Este miércoles la Administración de Alimentos y Medicamentos de los EE. UU. (FDA) emitió una autorización de uso de emergencia (EUA) de la primera prueba de diagnóstico de COVID-19 para autodiagnosticarse en el hogar y que proporciona resultados rápidos. El kit de prueba “todo en uno” Lucira COVID-19 es una prueba molecular (reacción de amplificación mediada por ciclo en tiempo real) de un sólo uso que está destinada a detectar el nuevo coronavirus SARS-CoV-2 que causa el COVID-19.

“La FDA continúa demostrando una velocidad sin precedentes en su respuesta a la pandemia. Si bien hay pruebas de diagnóstico de COVID-19 que han sido autorizadas para la recolección de muestras en el hogar, esta es la primera prueba que se puede hacer por completo y proporcionar resultados en el hogar. Esta nueva opción de prueba es un avance de diagnóstico importante para abordar la pandemia y reducir la carga pública de la transmisión de enfermedades”, dijo el comisionado de la FDA, el Dr.
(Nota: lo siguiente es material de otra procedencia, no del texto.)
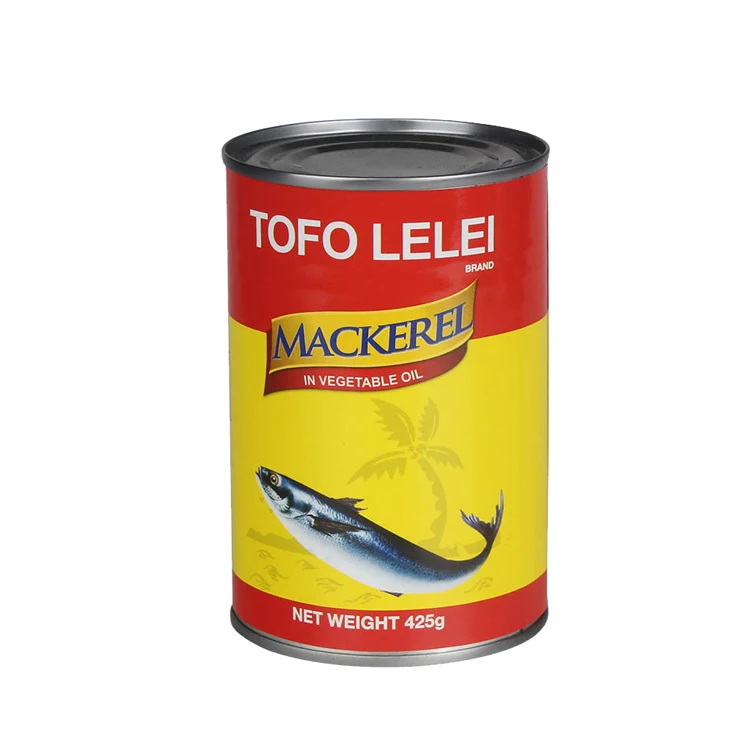 210 г, лучшие бренды консервированной скумбрии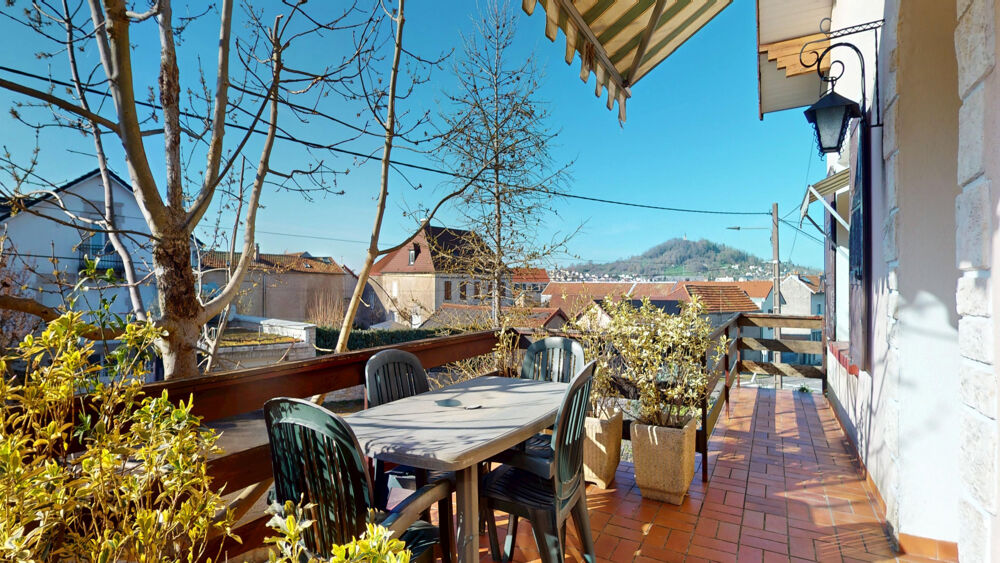 Vente Maison Maison - 5 pièces - 106 m2 Navenne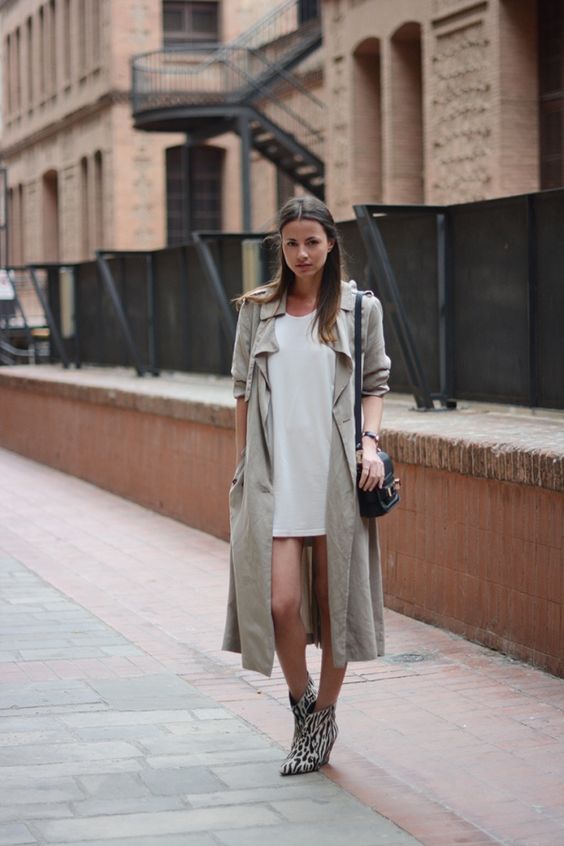 looks de primavera 2021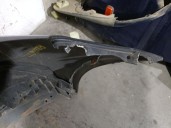 Replacement front bumper for BMW 5 Touring (F11) 520 D OEM IAM reference 51117285961 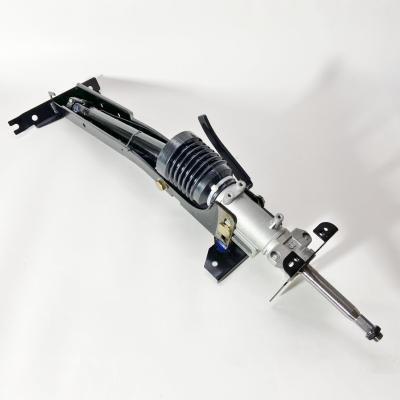 Вал рулевой (карданный) FOTON S120 1128 (L1342030104A0)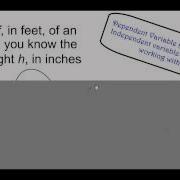 4 5 Writing A Function Rule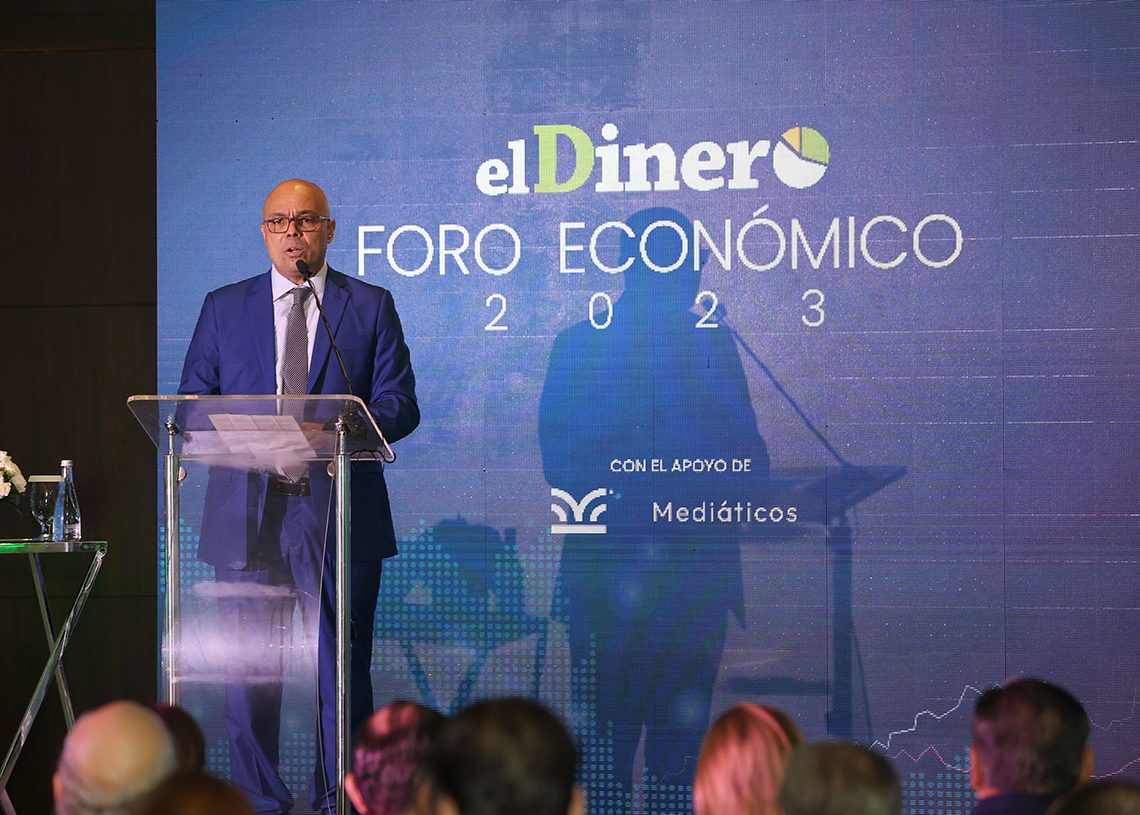 elDinero Presenta la Cuarta Edición del Foro Económico 2024: Un Encuentro para Impulsar el Desarrollo Sostenible en República Dominicana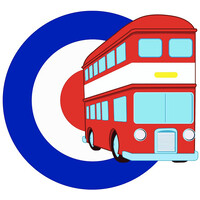 Modern English Ltd logo - Similar company to Omega Communications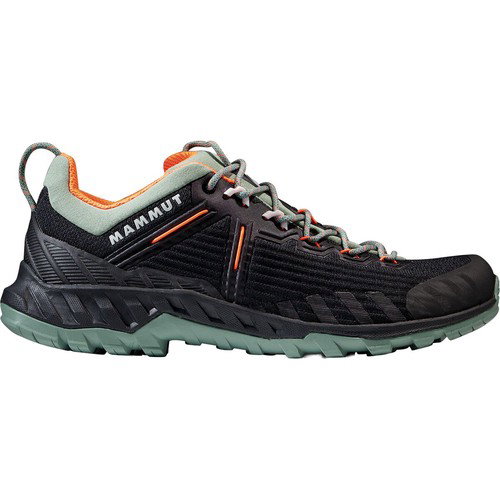 Alnasca Knit III Low Approach Shoe - Women's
Stephen M. Hahn, M.D. “La acción de hoy subraya el compromiso continuo de la FDA de ampliar el acceso a pruebas de COVID-19 “.

El kit de prueba “todo en uno” Lucira COVID-19 ha sido autorizada para uso en el hogar con una muestra que puede recolectar el usuario con hisopos nasales destinado para personas mayores de 14 años que su proveedor de atención médica sospeche tengan el COVID-19. También está autorizado para su uso en las instalaciones de los sitios de atención (por ejemplo, consultorios médicos, hospitales, clínicas de atención de urgencia y salas de emergencia) para todas las edades, pero un proveedor de atención médica debe recolectar las muestras cuando la prueba se usa en el sitio de atención para evaluar a personas menores de 14 años. Actualmente, la prueba está autorizada sólo para su uso con receta médica.

La prueba funciona haciendo girar el hisopo con la muestra recolectada por uno mismo dentro de un vial que luego se coloca en la unidad de prueba. En 30 minutos o menos, los resultados se pueden leer directamente desde la pantalla iluminada de la unidad de prueba que muestra si una persona es positiva o negativa al virus SARS-CoV-2. Los resultados positivos indican la presencia de SARS-CoV-2. Las personas con resultados positivos deben aislarse y buscar atención adicional de su proveedor de atención médica. Las personas que resulten negativas a la prueba y experimenten síntomas similares a los del COVID-19, deben consultar con su proveedor de atención médica, ya que los resultados negativos no descartan que una persona tenga la infección de SARS-CoV-2.

“La autorización de hoy para una prueba completa en el hogar es un paso significativo en la respuesta nacional de la FDA al COVID-19. Una prueba que se puede administrar completamente fuera de un laboratorio o entorno de atención médica siempre ha sido una de las principales prioridades de la FDA para abordar la pandemia. Ahora, más estadounidenses que puedan tener el COVID-19 podrán tomar medidas de inmediato, basándose en sus resultados, para protegerse a sí mismos y a quienes los rodean”, dijo el Dr. Jeff Shuren, M.D., J.D., director del Centro de Dispositivos y Salud Radiológica de la FDA. “Esperamos trabajar de forma proactiva con los desarrolladores de pruebas para respaldar la disponibilidad de más opciones de pruebas en el hogar”.

Un componente importante para el éxito de las pruebas en el hogar es la capacidad de rastrear y monitorear los resultados de manera eficiente. Como se indica en esta autorización EUA, los proveedores de atención médica que prescriben deben reportar todos los resultados de las pruebas que reciben de las personas que utilizan la prueba a las autoridades de salud pública pertinentes de acuerdo con los requisitos locales, estatales y federales. Lucira Health, el fabricante de la prueba también ha desarrollado etiquetas para las cajas, instrucciones de referencia rápida e instrucciones para el proveedor de atención médica para ayudar con los reportes.

Las pruebas de diagnóstico siguen siendo uno de los pilares a la respuesta de nuestra nación al COVID-19. La FDA continúa su compromiso con la salud pública y para buscar nuevos acciones que ayuden a que pruebas críticas estén disponibles para más estadounidenses a través de sus poderes de autorización de emergencia.

La FDA, una dependencia del Departamento de Salud y Servicios Sociales de los Estados Unidos, protege la salud pública asegurando la protección, eficacia y seguridad de los medicamentos tanto veterinarios como para los seres humanos, las vacunas y otros productos biológicos destinados al uso en seres humanos, así como de los dispositivos médicos. La dependencia también es responsable de la protección y seguridad de nuestro suministro nacional de alimentos, los cosméticos, los suplementos dietéticos, los productos que emiten radiación electrónica, así como de la regulación de los productos de tabaco.